» **TASK REQUIREMENTS**
The answer must consist solely of the lines from the one with "Etui z klapką" through the last line of the data, copied exactly, with no pictures.

[Short text fragments from websites]
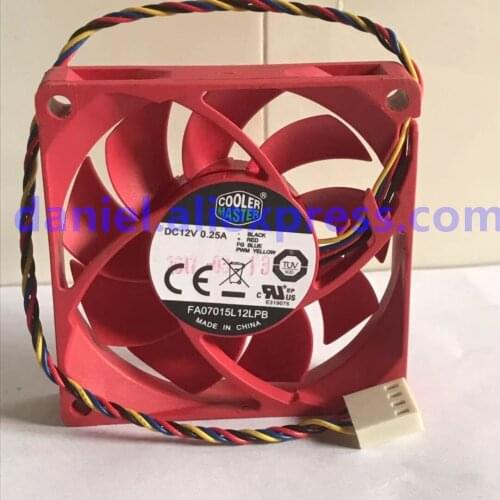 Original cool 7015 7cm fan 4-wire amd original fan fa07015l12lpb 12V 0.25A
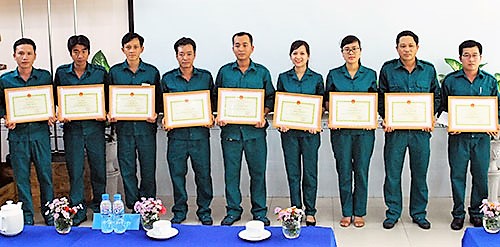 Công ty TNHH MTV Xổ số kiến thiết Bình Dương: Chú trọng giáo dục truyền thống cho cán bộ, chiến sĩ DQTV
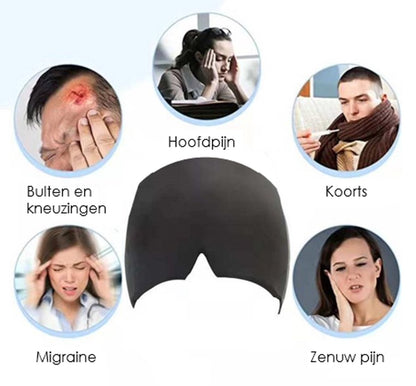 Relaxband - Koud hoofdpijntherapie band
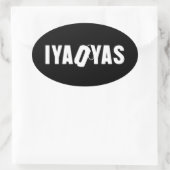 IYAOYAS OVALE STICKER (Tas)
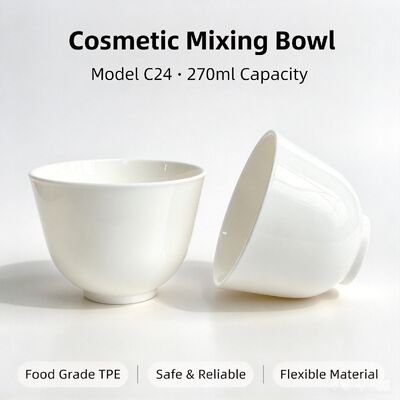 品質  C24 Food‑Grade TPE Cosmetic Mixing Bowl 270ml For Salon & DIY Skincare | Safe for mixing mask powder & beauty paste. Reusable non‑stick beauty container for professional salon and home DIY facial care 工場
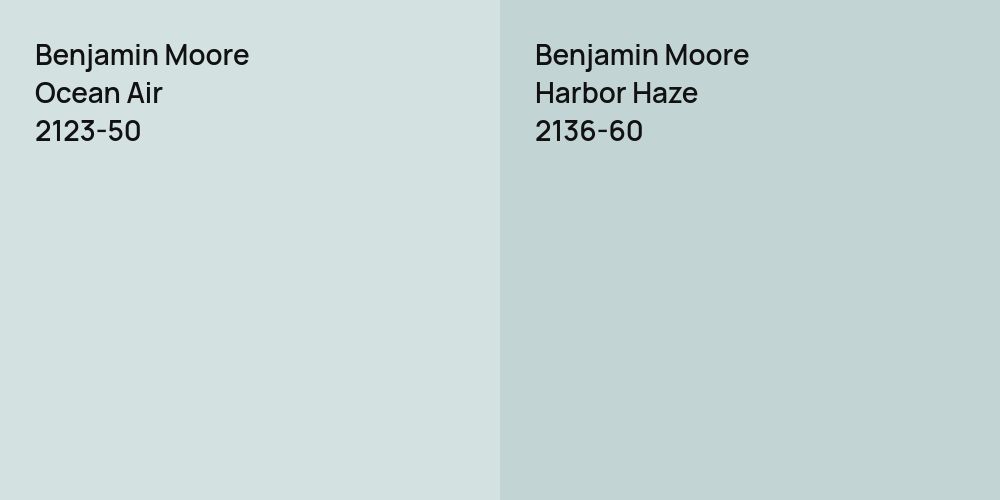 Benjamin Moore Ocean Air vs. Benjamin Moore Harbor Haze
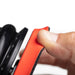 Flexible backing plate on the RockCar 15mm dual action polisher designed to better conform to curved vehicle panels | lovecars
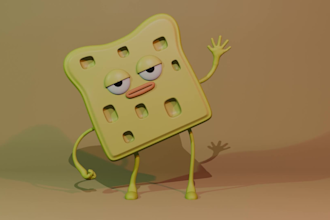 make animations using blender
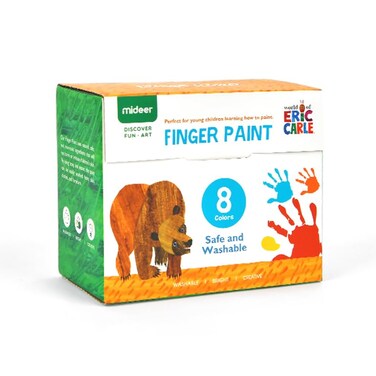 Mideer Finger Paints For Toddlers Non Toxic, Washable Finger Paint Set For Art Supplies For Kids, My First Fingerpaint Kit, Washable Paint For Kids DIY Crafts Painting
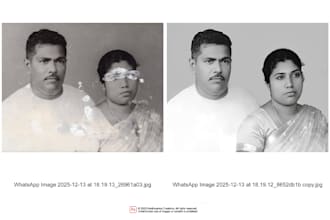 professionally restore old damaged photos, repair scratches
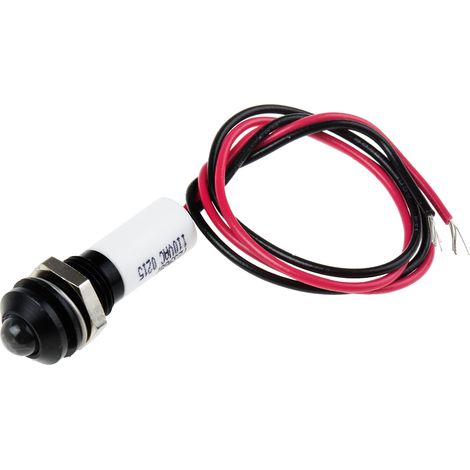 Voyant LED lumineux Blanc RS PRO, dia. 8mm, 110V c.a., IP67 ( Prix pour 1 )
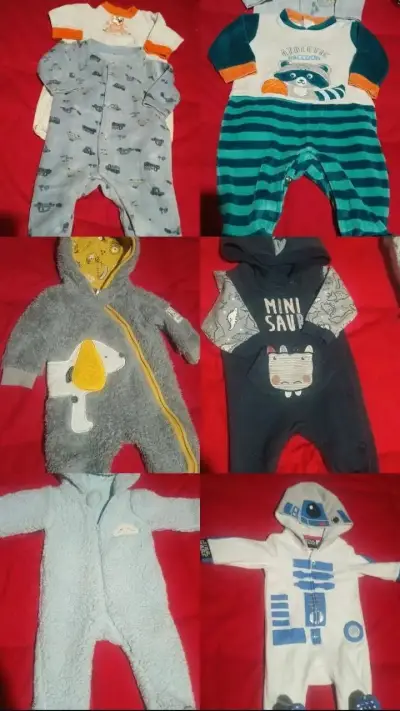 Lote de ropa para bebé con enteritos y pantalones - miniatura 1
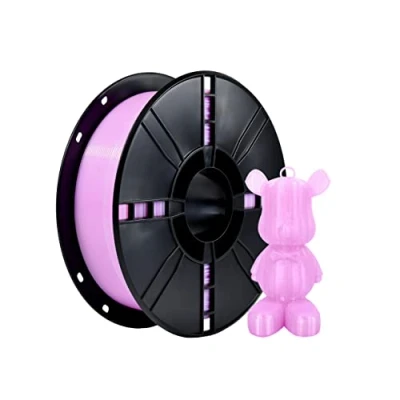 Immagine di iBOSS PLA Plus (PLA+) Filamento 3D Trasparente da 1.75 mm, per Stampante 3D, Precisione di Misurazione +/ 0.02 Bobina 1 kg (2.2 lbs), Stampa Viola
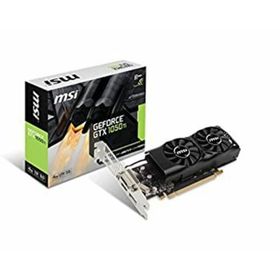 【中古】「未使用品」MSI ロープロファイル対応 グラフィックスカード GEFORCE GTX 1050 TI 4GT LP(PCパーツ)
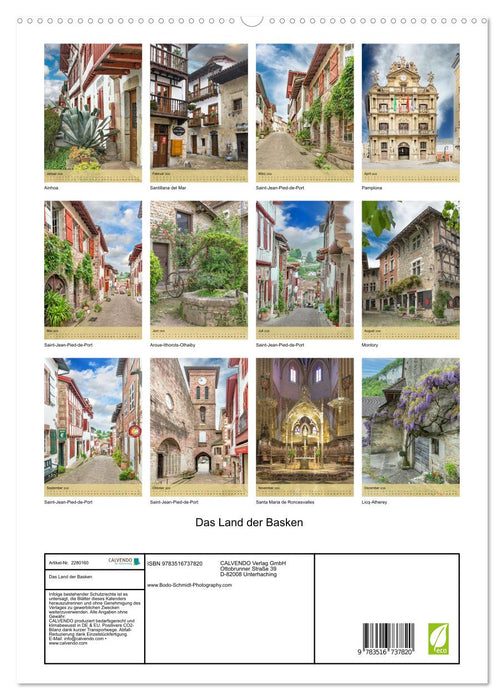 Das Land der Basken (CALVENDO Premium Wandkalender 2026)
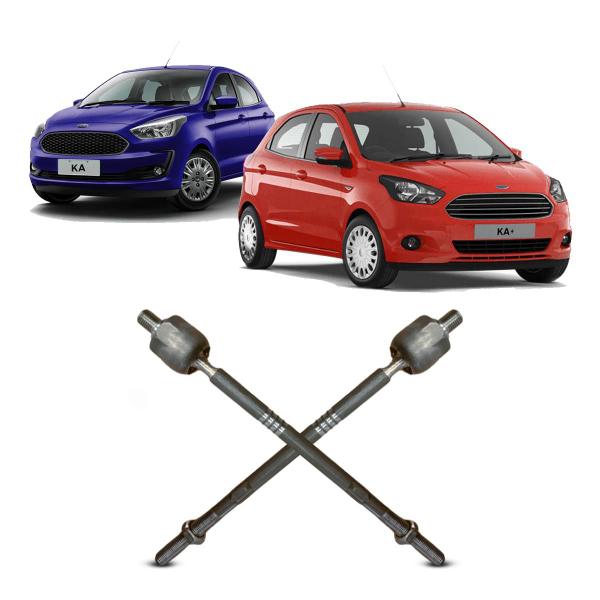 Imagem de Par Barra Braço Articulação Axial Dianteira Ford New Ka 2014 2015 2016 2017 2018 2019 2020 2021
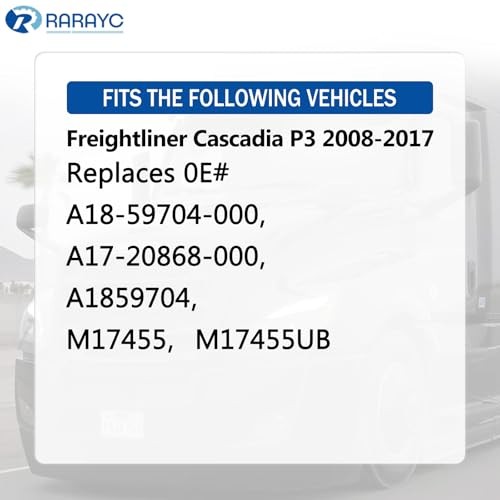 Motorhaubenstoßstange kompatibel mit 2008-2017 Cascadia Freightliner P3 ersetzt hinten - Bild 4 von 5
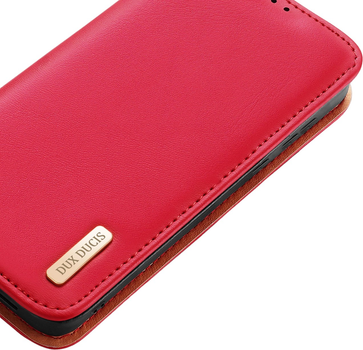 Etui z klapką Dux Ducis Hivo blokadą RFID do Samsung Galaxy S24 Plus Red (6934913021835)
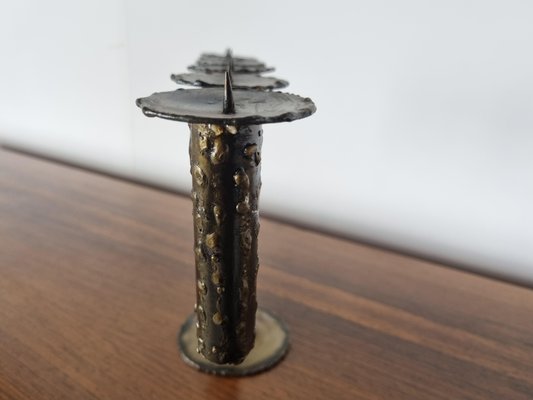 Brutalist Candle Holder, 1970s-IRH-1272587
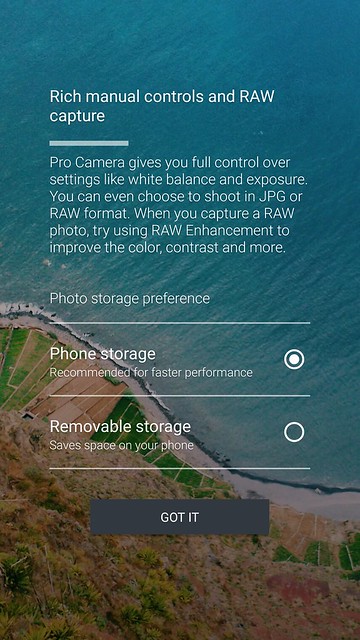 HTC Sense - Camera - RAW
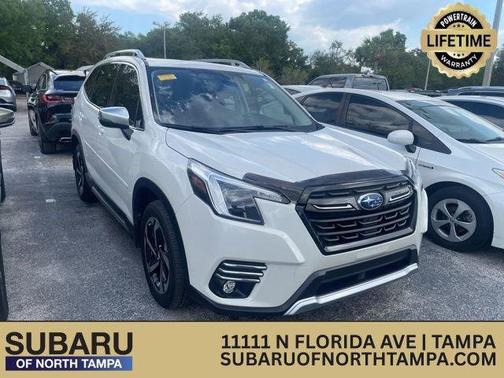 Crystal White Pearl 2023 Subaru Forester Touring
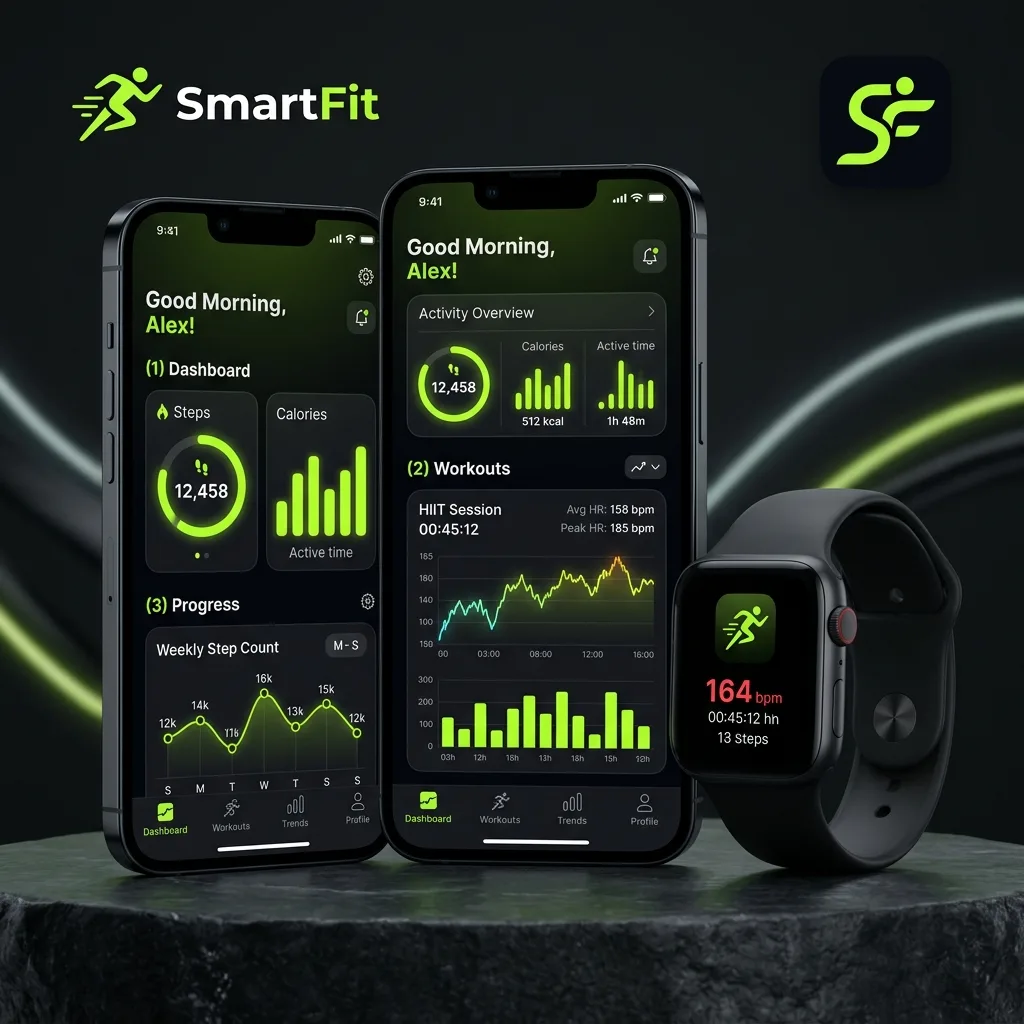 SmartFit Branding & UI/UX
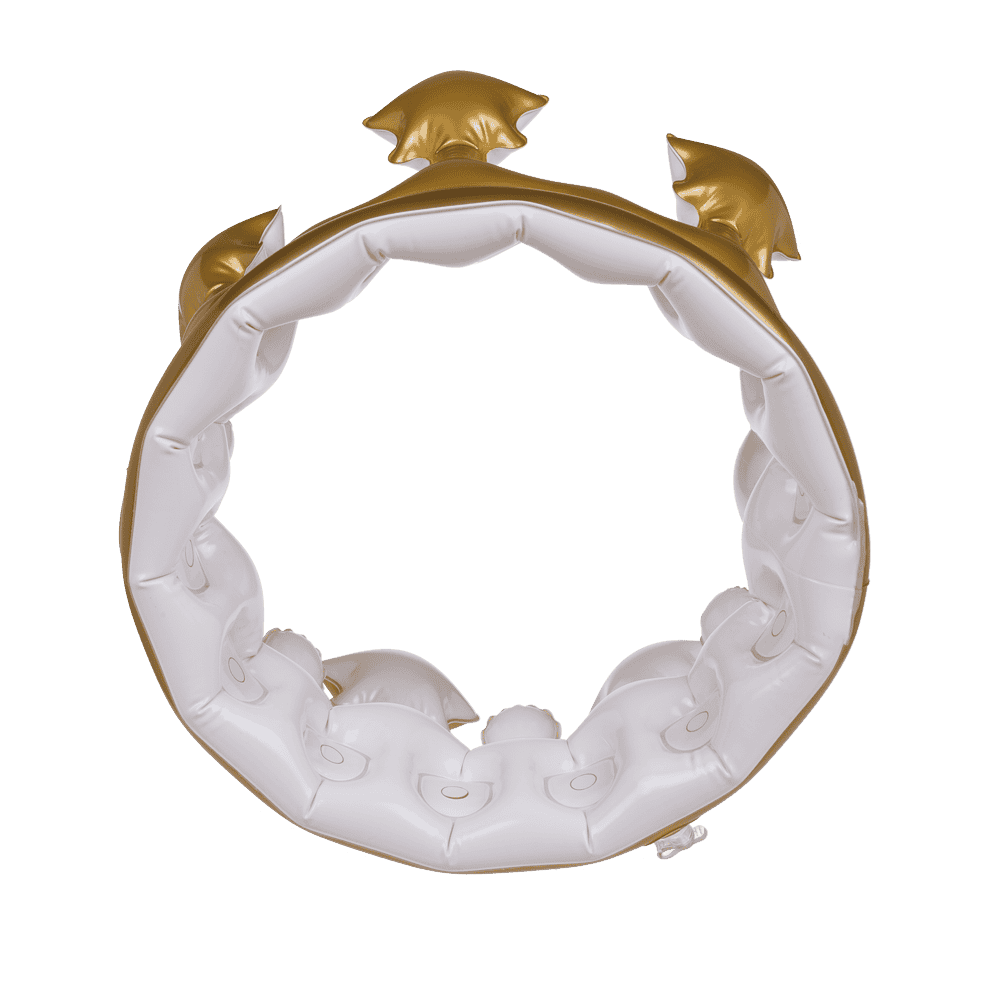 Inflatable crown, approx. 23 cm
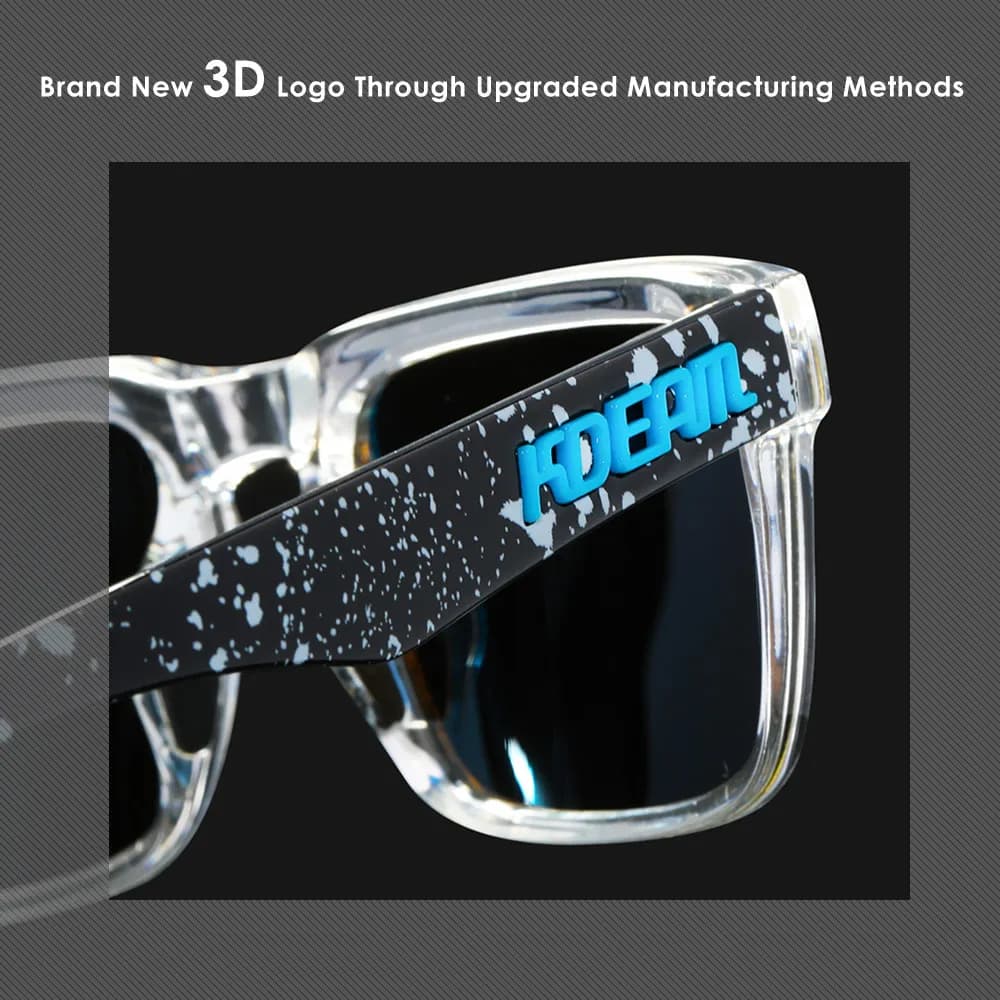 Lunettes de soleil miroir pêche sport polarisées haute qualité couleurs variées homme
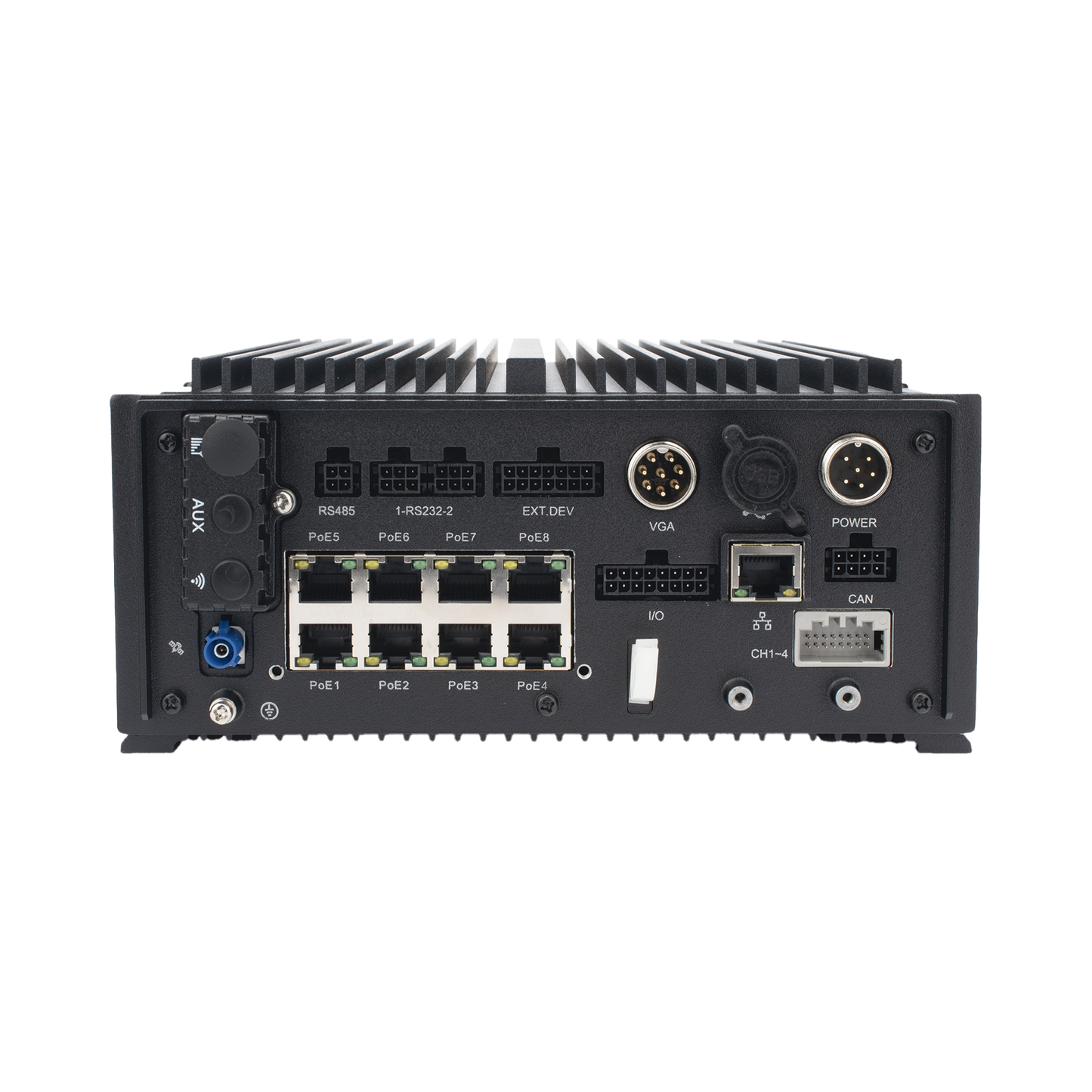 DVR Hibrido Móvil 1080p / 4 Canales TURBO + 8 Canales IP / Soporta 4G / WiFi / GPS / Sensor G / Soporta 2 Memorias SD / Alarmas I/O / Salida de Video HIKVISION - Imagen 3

» **TASK RESPONSE**
 Etui z klapką Dux Ducis Hivo blokadą RFID do Samsung Galaxy S24 Plus Red (6934913021835)
 Brutalist Candle Holder, 1970s-IRH-1272587
 HTC Sense - Camera - RAW
 Crystal White Pearl 2023 Subaru Forester Touring
 SmartFit Branding & UI/UX
 Inflatable crown, approx. 23 cm
 Lunettes de soleil miroir pêche sport polarisées haute qualité couleurs variées homme
 DVR Hibrido Móvil 1080p / 4 Canales TURBO + 8 Canales IP / Soporta 4G / WiFi / GPS / Sensor G / Soporta 2 Memorias SD / Alarmas I/O / Salida de Video HIKVISION - Imagen 3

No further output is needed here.